Disaster recovery overview and infrastructure guidelines for SAP workload
Many organizations running critical business applications on Azure set up both High Availability (HA) and Disaster Recovery (DR) strategy. The purpose of high availability is to increase the SLA of business systems by eliminating single points of failure in the underlying system infrastructure. High Availability technologies reduce the effect of unplanned infrastructure failure and help with planned maintenance. Disaster Recovery is defined as policies, tools and procedures to enable the recovery or continuation of vital technology infrastructure and systems following a geographically widespread natural or human-induced disaster.
To achieve high availability for SAP workload on Azure, virtual machines are typically deployed in an availability set or in availability zones to protect applications from infrastructure maintenance or failure within region. But the deployment doesn’t protect applications from widespread disaster within region. So to protect applications from regional disaster, disaster recovery strategy for the applications should be in place. Disaster recovery is a documented and structured approach that is designed to assist an organization in executing the recovery processes in response to a disaster, and to protect or minimize IT services disruption and promote recovery.
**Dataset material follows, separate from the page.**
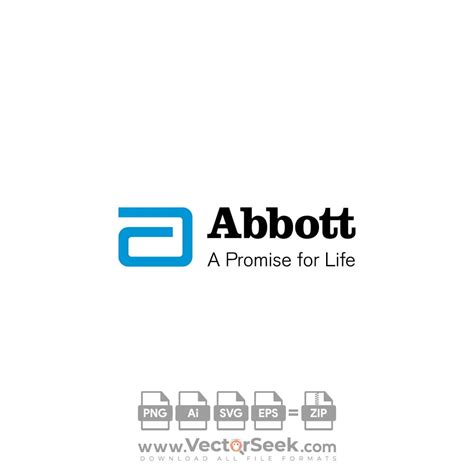 Abbott Logo Vector - (.Ai .PNG .SVG .EPS Free Download)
This document provides details on protecting SAP workloads from large scale catastrophe by implementing structured DR approach. The details in this document are presented at an abstract level, based on different Azure services and SAP components. Exact DR strategy and the order of recovery for your SAP workload must be tested, documented and fine tuned regularly. Also, the document focuses on the Azure-to-Azure DR strategy for SAP workload.
General disaster recovery plan considerations
SAP workload on Azure runs on virtual machines in combination with different Azure services to deploy different layers (central services, application servers, database server) of a typical SAP NetWeaver application. In general, a DR strategy should be planned for the entire IT landscape running on Azure, which means to take into account non-SAP applications as well. The business solution running in SAP systems may not run as whole, if the dependent services or assets aren't recovered on the DR site. So you need to come up with a well-defined comprehensive DR plan considering all the components and systems.
For DR on Azure, organizations should consider different scenarios that may trigger failover.
- SAP application or business process availability.
- Azure services (like virtual machines, storage, load balancer etc.) unavailability within a region due to widespread failure.
- Potential threats and vulnerabilities to the application (for example, Application layer DDoS attack)
- Business compliance required operational tasks to test DR strategy (for example, DR failure exercise to be performed every year as per compliance).
To achieve the recovery goal for different scenarios, organization must outline Recovery Time Objective (RTO) and Recovery Point Objective (RPO) for their workload based on the business requirements. RTO describes the amount of time application can be down, typically measured in hours, minutes or seconds. Whereas RPO describes the amount of transactional data that is acceptable by business to lose in order for normal operations to resume. Identifying RTO and RPO of your business is crucial, as it would help you design your DR strategy optimally. The components (compute, storage, database etc.) involved in SAP workload are replicated to the DR region using different techniques (Azure native services, native DB replication technology, custom scripts). Each technique provides different RPO, which must be accounted for when designing a DR strategy. On Azure, you can use some of the Azure native services like Azure Site Recovery, Azure Backup that can help you to meet RTO and RPO of your SAP workloads. Refer to SLA of Azure Site Recovery and Azure Backup to optimally align with your RTO and RPO.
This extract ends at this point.